Anyway, the thing I remember best is that the circuit that evolved ended up using less of the chip than they thought possible, and worked!
They couldn't understand how it was working and assumed that something must be utilizeing some weird quatum effect or other element that the scientists didn't expect. The article then went into a possible problem for evolveing hardware like this. If they evolve to use a propery other than just binary computation through tranistor switches, what if those strange behaviors are depenent on some factor of the enviroment?
Like, what if a evolved chip only works properly at a range of 35-40 C ? Or more easly affected on electroic noise, or needs electronic noise? Like the circuit in this article, if there was no osculation nearby, it probaly wouldn't work would it? Doesn't mean this isn't usefull science, just something to think about, watch out for.

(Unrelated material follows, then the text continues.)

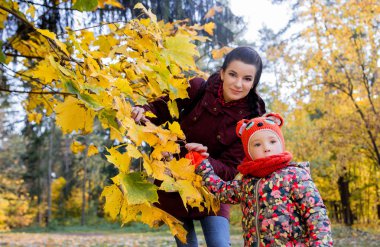 Onun kızı sonbahar yaprakları anne gösterir fotoğraf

Beware of gifts bearing Greeks.
I remember reading about something like this earlier, where they had a circuit that modified itself (it was implemented on an FPGA) and it was supposed to figure out how to solve a mathematical problem. After it randomly came up with a "working circuit", the engineers couldn't debug it -- until they figured out the FPGA circuit as implemented was making use of stray RF signals to help solve the "problem"
You mean this article?
Ascii artist &
It was a genetic algorithm that tried different combinations and evaluated each of them to see how much of an oscillation each combination produced.

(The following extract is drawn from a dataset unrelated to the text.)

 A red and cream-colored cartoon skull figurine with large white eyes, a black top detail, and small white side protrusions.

The radio receiver combination simply gave a bigger oscillation than the other combinations, so it was selected as the best circuit.
The only way it is surprising is because there was an extra input that they had not considered...but now that the input is known it is quite simple to explain the output. No astounding AI here.
I remember reading a blurb in WIRED a couple years ago about people trying to evolve a FPGA to act as a 1-second timer. They ended up with a design that relied on quantum tunneling artifacts (or something like that) particular to the chip it was evolved on.
The device did no such thing. It merely functioned within the requirements of the program. If the researchers were really interested in a better oscillator, they would put it in a radiation-free box and try again. The device didn't sit down and think "Hey, if I find an external oscillation, I don't have to develop one of my own..." By chance and structure it was given this opportunity. If the board had been made another way, it might not have worked.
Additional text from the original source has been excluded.